Work instruction: The whole listing below should be retyped exactly, without any images.

Dataset section:
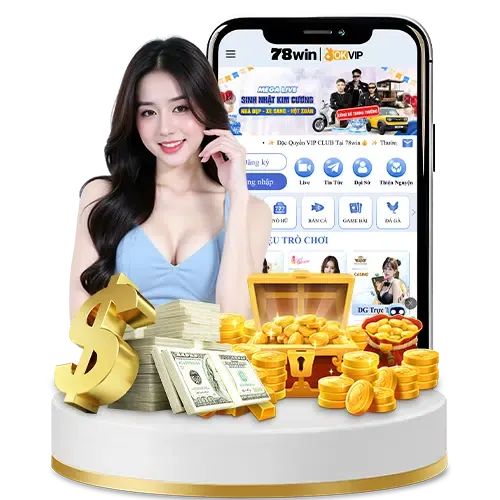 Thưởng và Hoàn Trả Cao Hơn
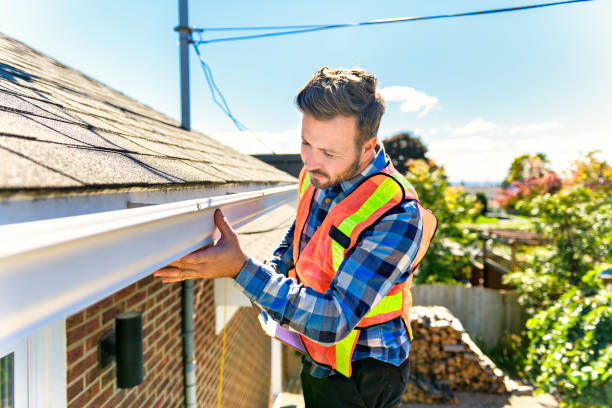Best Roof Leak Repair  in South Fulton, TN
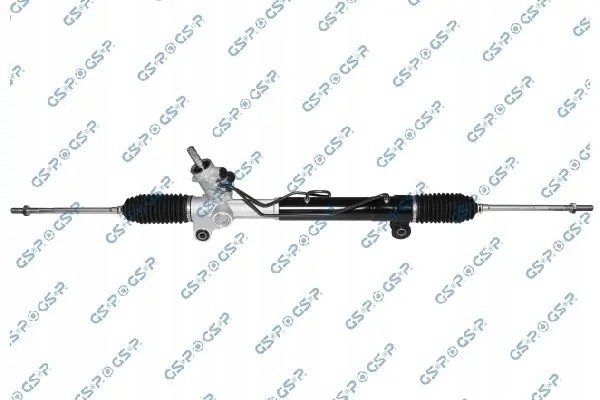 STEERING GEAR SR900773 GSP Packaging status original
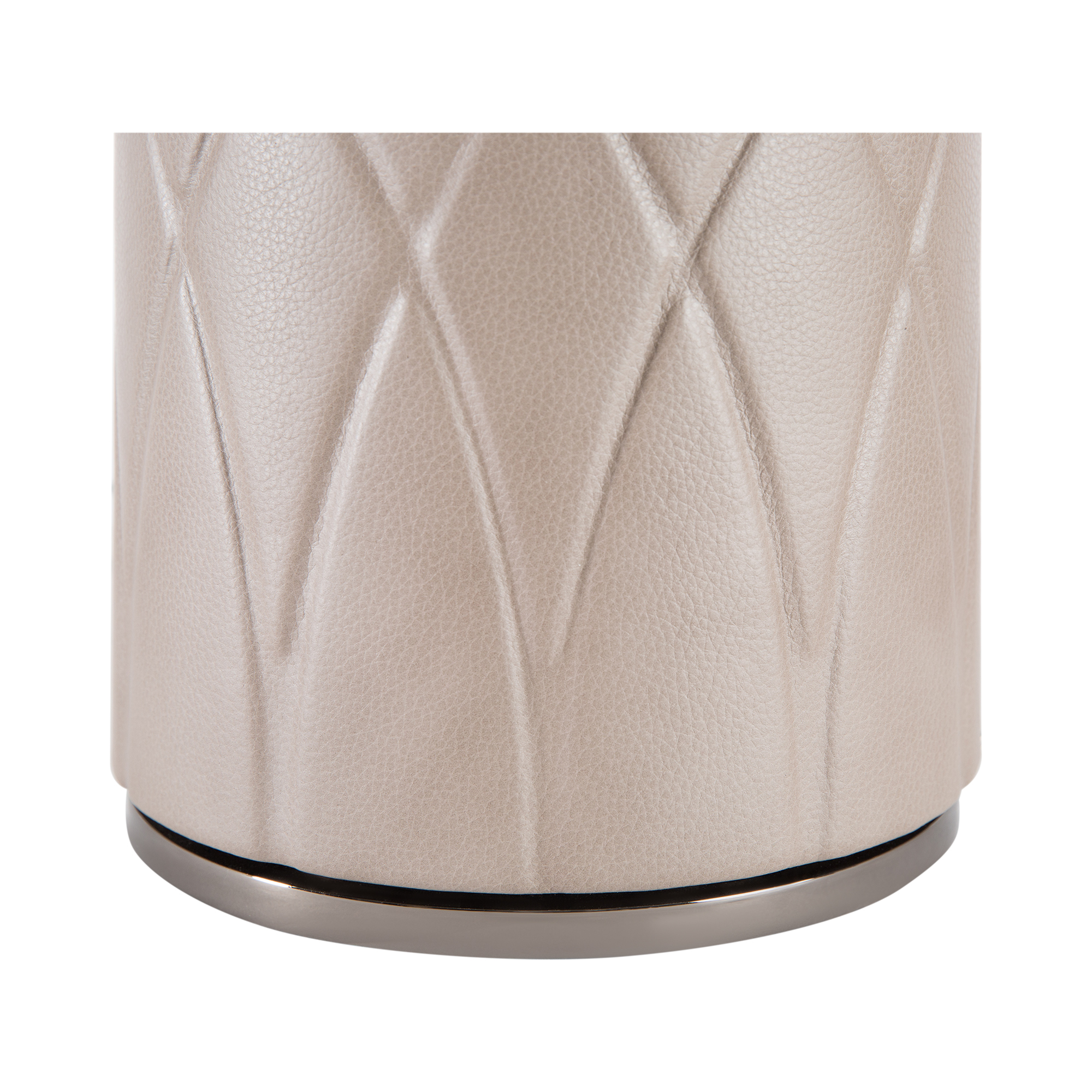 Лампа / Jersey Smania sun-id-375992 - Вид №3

Result for this exercise:
 Thưởng và Hoàn Trả Cao Hơn
Best Roof Leak Repair  in South Fulton, TN
 STEERING GEAR SR900773 GSP Packaging status original
 Лампа / Jersey Smania sun-id-375992 - Вид №3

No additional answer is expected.